» **INFORMATION PROVIDED**
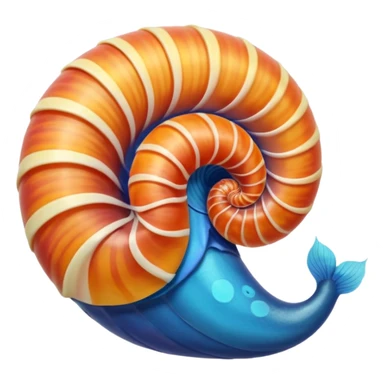 a colorful cute nautilus with feet that looks like it is swimming sticker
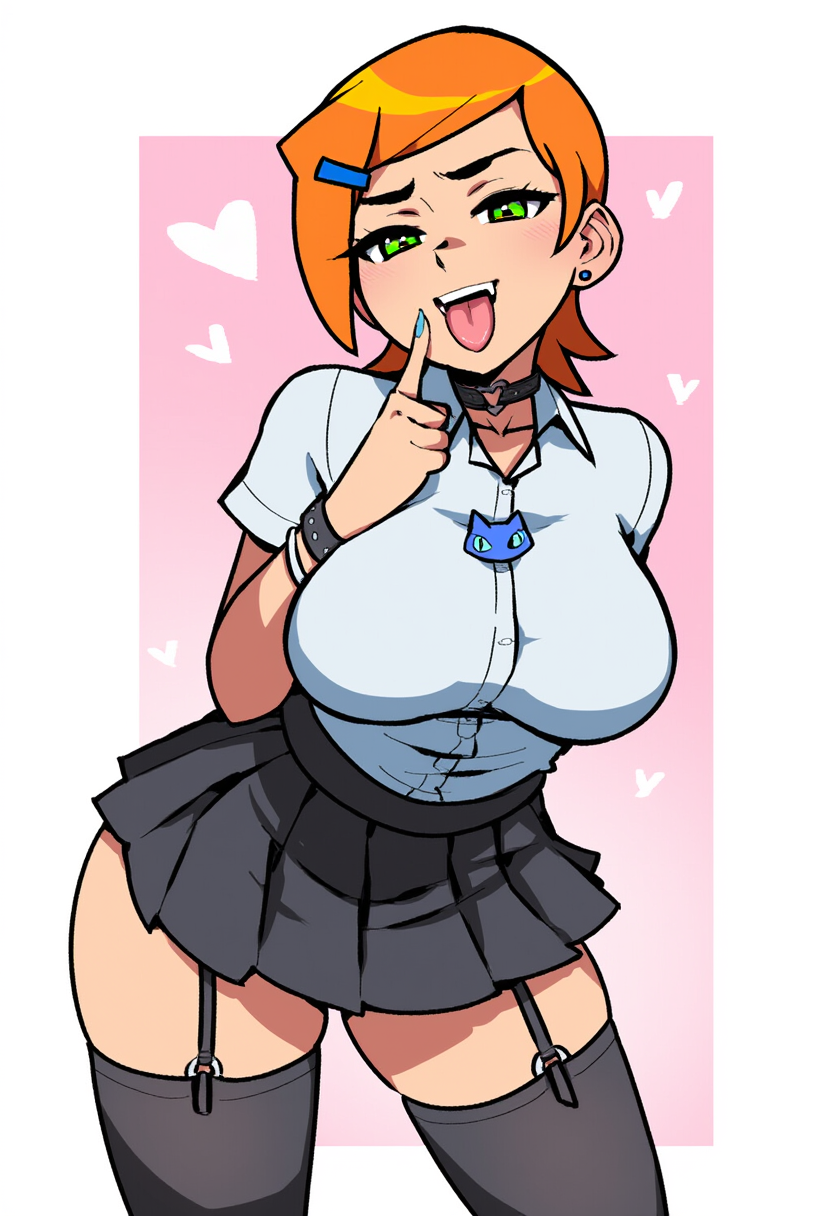 1girls aged_up ai_generated alternate_breast_size alternate_costume ben_10 big_breasts brat cartoon_network female female_only frown green_eyes gwen_tennyson high-angle_view large_breasts looking_at_viewer mullon novelai orange_hair skirt smile solo thick_thighs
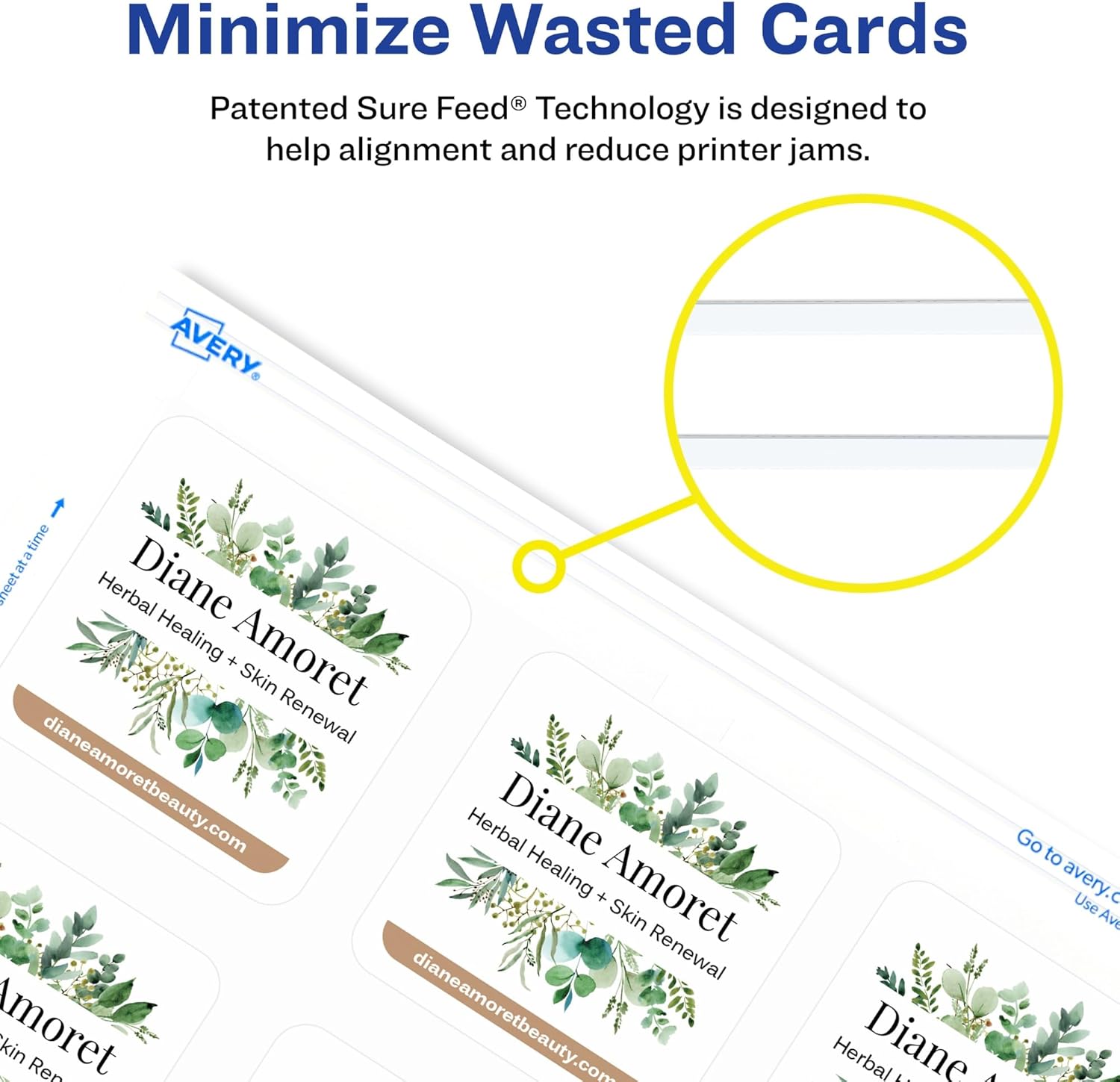 Avery® Clean Edge® Printable Square Cards With Sure Feed® Technology & Rounded Corners, 2.5" x 2.5", White, 180 Blank Cards For Inkjet Printers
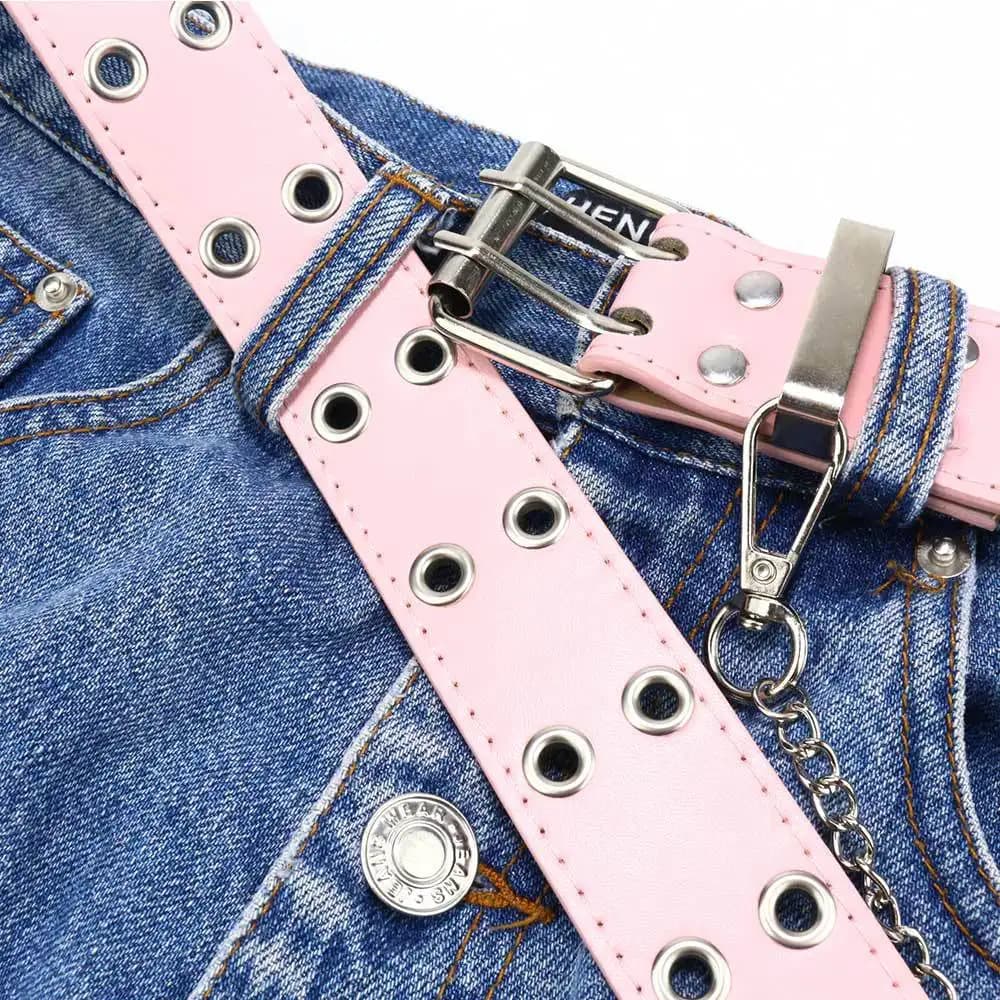 Y2K Aesthetic Punk Belt Women Pink Chain Leather Belt Adjustable with Metal Eyelets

» **WHAT IS REQUIRED**
Copy out the lines above unchanged. Skip the images.

» **RESPONSE TO THIS TASK**
 a colorful cute nautilus with feet that looks like it is swimming sticker
 1girls aged_up ai_generated alternate_breast_size alternate_costume ben_10 big_breasts brat cartoon_network female female_only frown green_eyes gwen_tennyson high-angle_view large_breasts looking_at_viewer mullon novelai orange_hair skirt smile solo thick_thighs
 Avery® Clean Edge® Printable Square Cards With Sure Feed® Technology & Rounded Corners, 2.5" x 2.5", White, 180 Blank Cards For Inkjet Printers
 Y2K Aesthetic Punk Belt Women Pink Chain Leather Belt Adjustable with Metal Eyelets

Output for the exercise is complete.